World Bank says long-term growth in commodity consumption to weaken
World Bank sees global demand growth of metals fall from 4.2% in 2010-16 to 2.8% in 2018-27, agricultural commodities fall from 2.8% to 1.8% in the same periods
Growth in demand for metals and foods is expected to slow by a third in the next 10 years, according to the World Bank. That is bad news for metal and food producers.
The bank says global growth in demand for agricultural commodities will fall from an average 2.8% per annum during the post-global financial crisis period 2010-2016 to an average of 1.8% during 2018-2027.
This substantial fall is likely to lead to lower agricultural prices. Rice and wheat would lead the slowdown.

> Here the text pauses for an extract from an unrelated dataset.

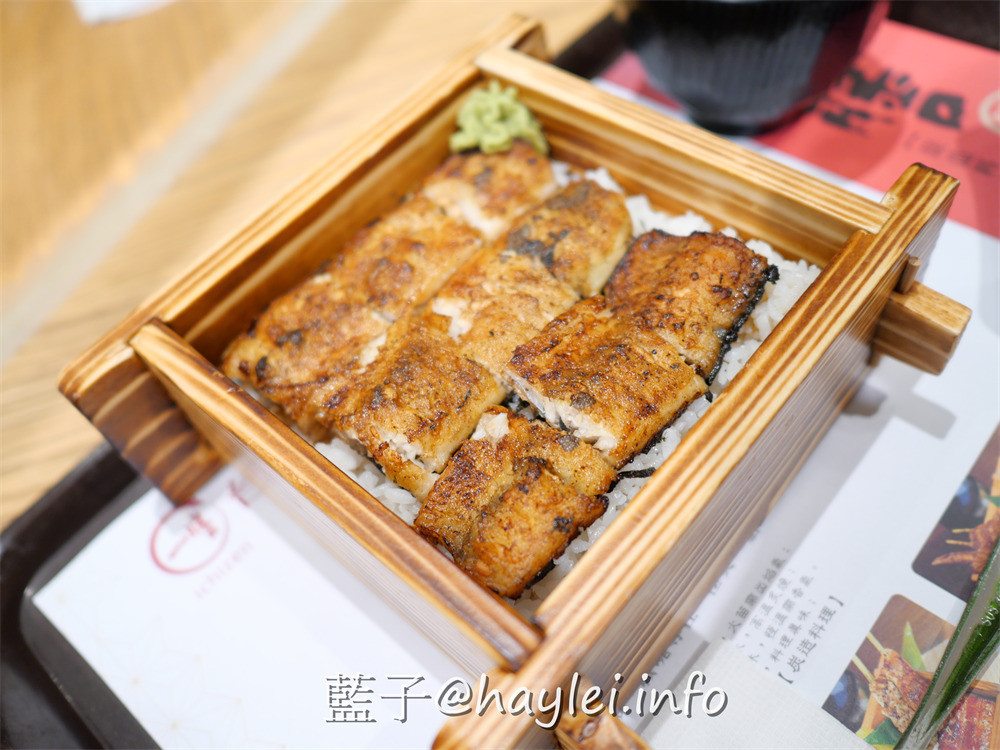 台中西屯/一膳新光三越店-在台中最厲害的百貨吃台中最好吃的鰻魚飯！使用紅木、龍眼木、相思木三炭共爐炙烤日本老舖等級白鰻，無刺感雙軟口感，安心享受美味鰻魚不噎喉，招牌黃金白燒、經典蒲燒都很推薦唷~台中美食/一膳炭造料理/ICHIZEN/台中鰻魚飯推薦/鰻魚料理/藍子愛美食 中式料理 國內旅遊 攝影 日式料理 民生資訊分享 飲食集錦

To be sure, India’s farm prices are largely protected from international competition. But the reason for the slower growth in demand for agricultural commodities is that consumers shift from grains to foods with high protein and fat content as incomes rise. That trend will be seen in India as well, and agricultural production and policies will have to change accordingly.
The decline in growth of metals consumption is projected to be even starker—global demand growth is expected to fall from an average of 4.2% during 2010-16 to an average of 2.8% per annum during 2018-27. A big reason is the slowdown in China’s growth and its shift from investment-driven to more consumption-oriented growth.
Says the World Bank report, “Growth in aluminum and copper would remain high, reflecting their high income elasticity of demand, while growth in zinc would remain modest.”
Energy prices, of course, are of particular interest to India. Unfortunately, the report says that global demand for energy during 2018-27 will be slightly higher than during 2010-16. It says global crude oil consumption growth will remain steady, while growth in demand for coal will taper off. Natural gas demand growth will, however, rise as demand for clean energy increases.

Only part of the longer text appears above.